New Mobile Health Program Works Toward Preventing Illness and Reducing Repeat Hospital Admissions

Hospital readmissions occur when a patient is admitted to a hospital after being discharged from an earlier hospitalization. Readmissions are a national healthcare focus, and in Mercer County, Capital Health is developing a new Mobile Integrated Health (MIH) program to help reduce the readmission rate for high risk patients.

Launched in September 2016 as a collaboration between Capital Health’s Emergency Medical Services (EMS) and Population Health departments, the program uses the strengths and experiences of EMS providers and Care Transition registered nurses in a whole new way to prevent illness and reduce repeat hospital admissions.

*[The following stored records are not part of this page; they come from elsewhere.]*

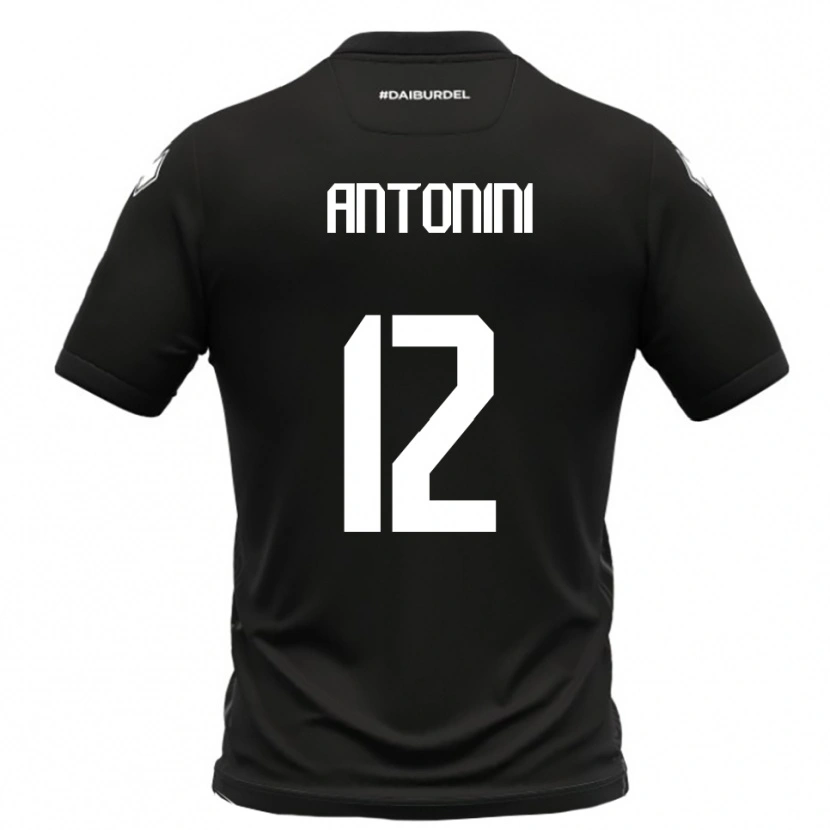 Danxen Kvinnor Francesco Antonini #12 Svart Vit Bortatröja Matchtröjor 2025/26 Tröjor T-Tröja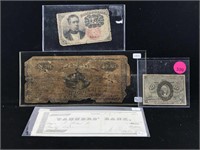 Fractional currency lot and tabacco bill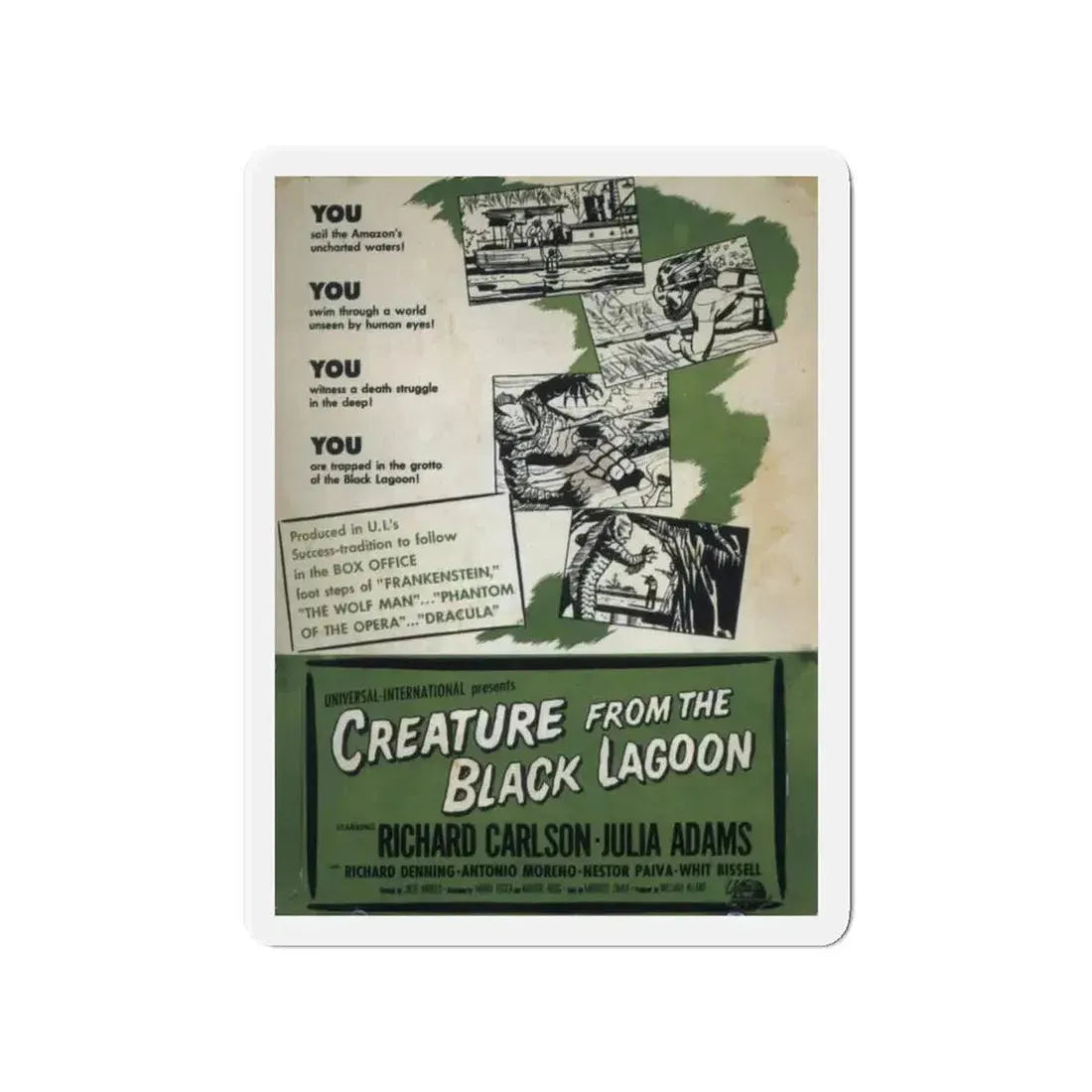 CREATURE FROM THE BLACK LAGOON (6) 1954 Movie Poster - Refrigerator Magnet 3 Inch - The Sticker Space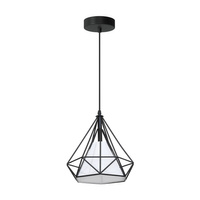 Lampa wisząca sufitowa TRIANGOLO 1x E27 Czarno-biała Metal + tkanina Milagro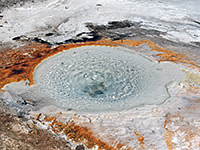 Bubbling, circular pool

Patients are enrolled in the program two ways. Capital Health’s Care Transition registered nurses meet with identified patients during their inpatient stay and schedule the patient for a MIH home visit within a week of discharge from the hospital. “High risk patients include those with specific diagnoses such as heart failure, acute myocardial infarction, pneumonia, diabetes, and COPD, as well as patients who have extended lengths of stay in the hospital,” said Colleen Bowski, clinical manager of Care Transitions at Capital Health.

The program is also offered to patients who see providers at our Capital Health Medical Group offices or participating care providers in the Capital Health Accountable Care Organization and aren’t showing up for appointments or have high risk diagnoses. “Participation in the MIH program is optional,” said Angela Dito, director of Population Health at Capital Health, “but many patients are very receptive to this type of follow-up care.”

Once in the MIH program, patients receive in-home well visits by two-person teams selected from a pool of Capital Health paramedics, nurses, and emergency medical technicians. Currently operating on Mondays and Thursdays from 10 a.m. to 4 p.m., MIH teams review discharge instructions with each patient and his or her loved ones, check to make sure that the patient has access to his or her prescription medications, and look for safety hazards in the patient’s home. The teams also go over follow-up appointment details and help make transportation arrangements as needed to ensure continued care after hospital discharge.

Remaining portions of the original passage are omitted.